▶ What you should do
Copy word for word the lines of the records below, beginning at the one with "Wir stellen den" and finishing at the one with "Detached Villa Alhaurín", ends included, but none of the pictures.

▶ Dataset content
========================================================================
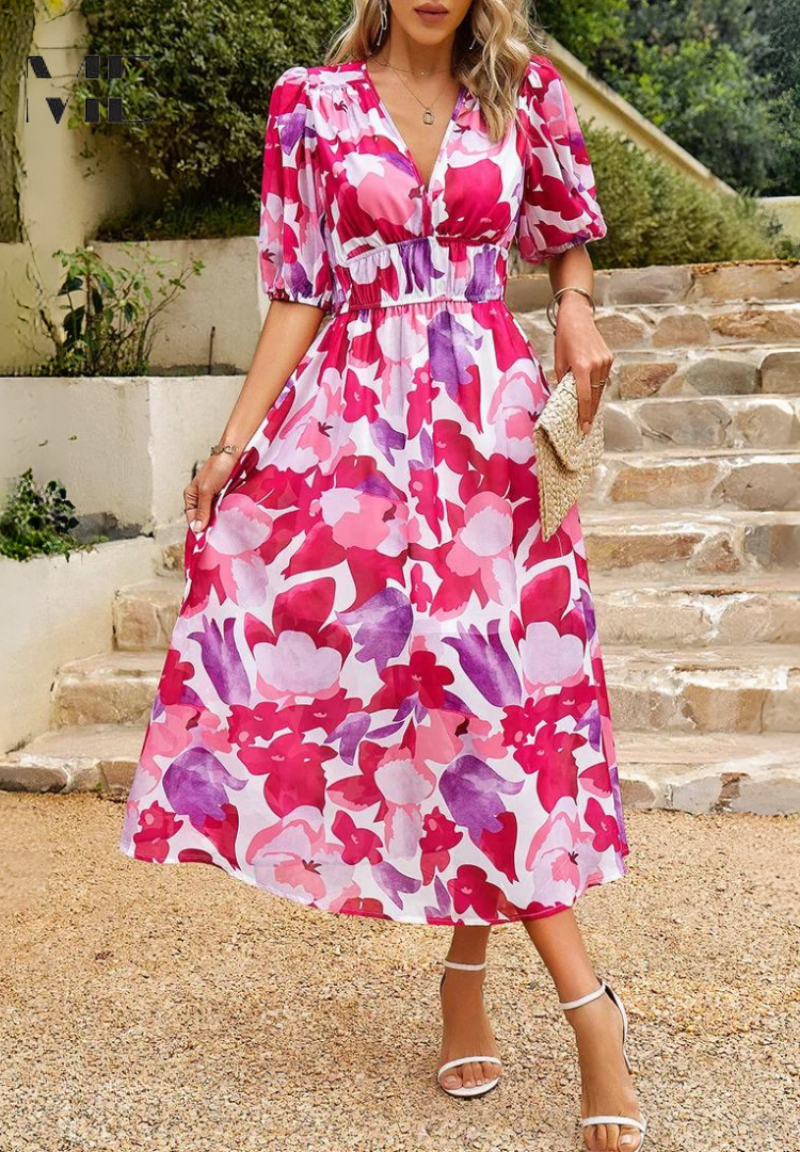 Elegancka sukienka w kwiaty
========================================================================
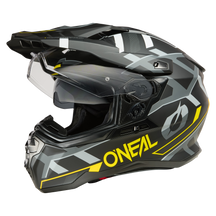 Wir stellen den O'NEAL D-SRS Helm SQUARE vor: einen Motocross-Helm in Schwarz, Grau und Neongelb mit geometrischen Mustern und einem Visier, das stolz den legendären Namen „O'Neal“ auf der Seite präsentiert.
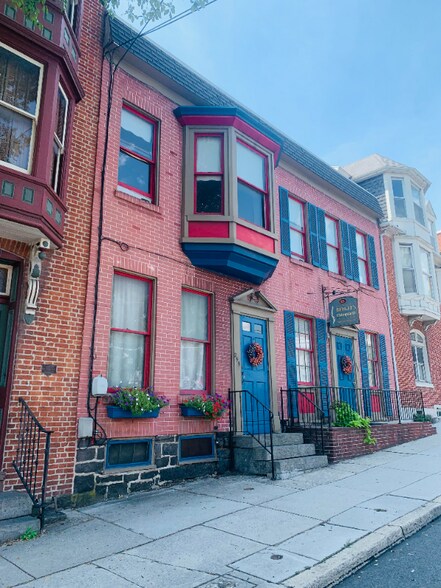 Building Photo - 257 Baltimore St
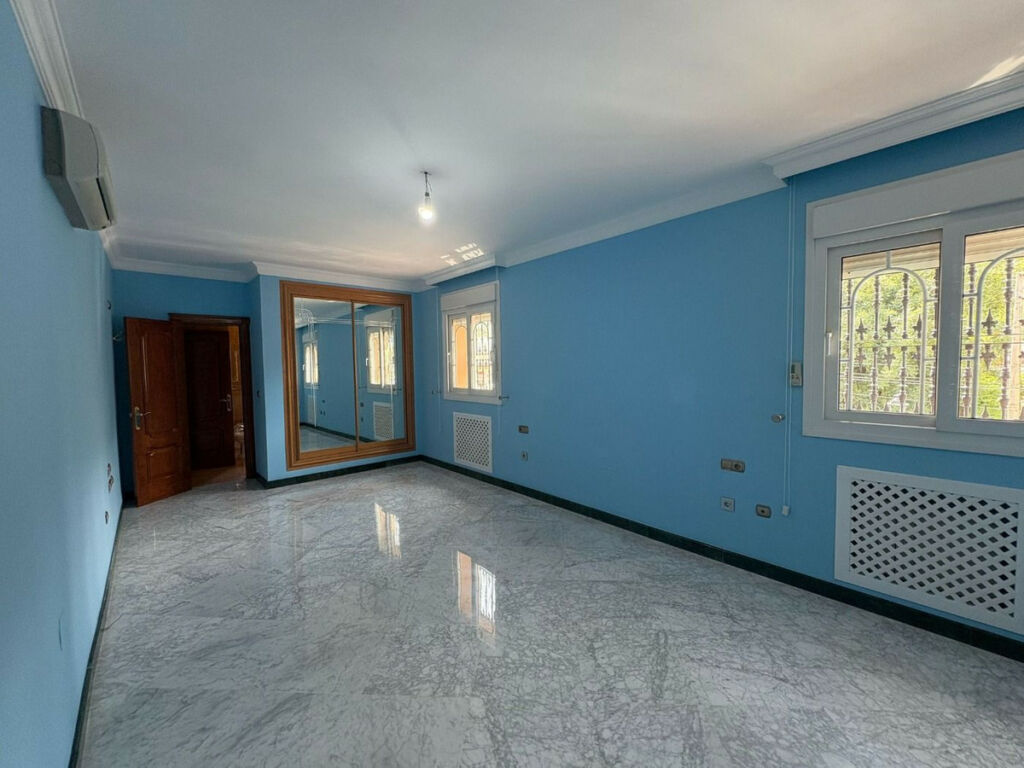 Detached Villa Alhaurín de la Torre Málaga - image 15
========================================================================
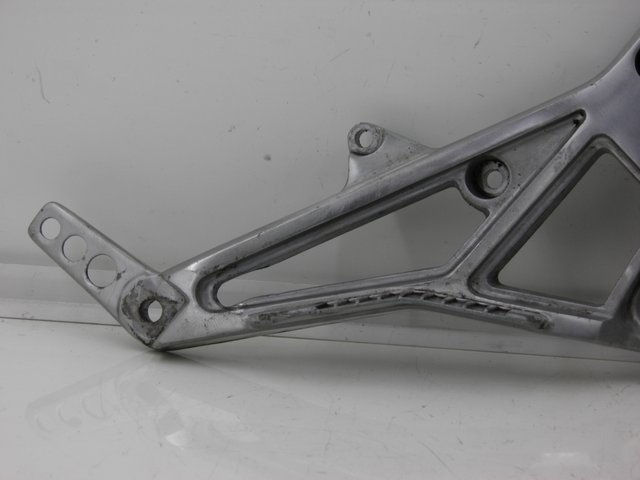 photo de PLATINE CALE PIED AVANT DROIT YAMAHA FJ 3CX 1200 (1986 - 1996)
========================================================================
▶ Result of the task
 Wir stellen den O'NEAL D-SRS Helm SQUARE vor: einen Motocross-Helm in Schwarz, Grau und Neongelb mit geometrischen Mustern und einem Visier, das stolz den legendären Namen „O'Neal“ auf der Seite präsentiert.
 Building Photo - 257 Baltimore St
 Detached Villa Alhaurín de la Torre Málaga - image 15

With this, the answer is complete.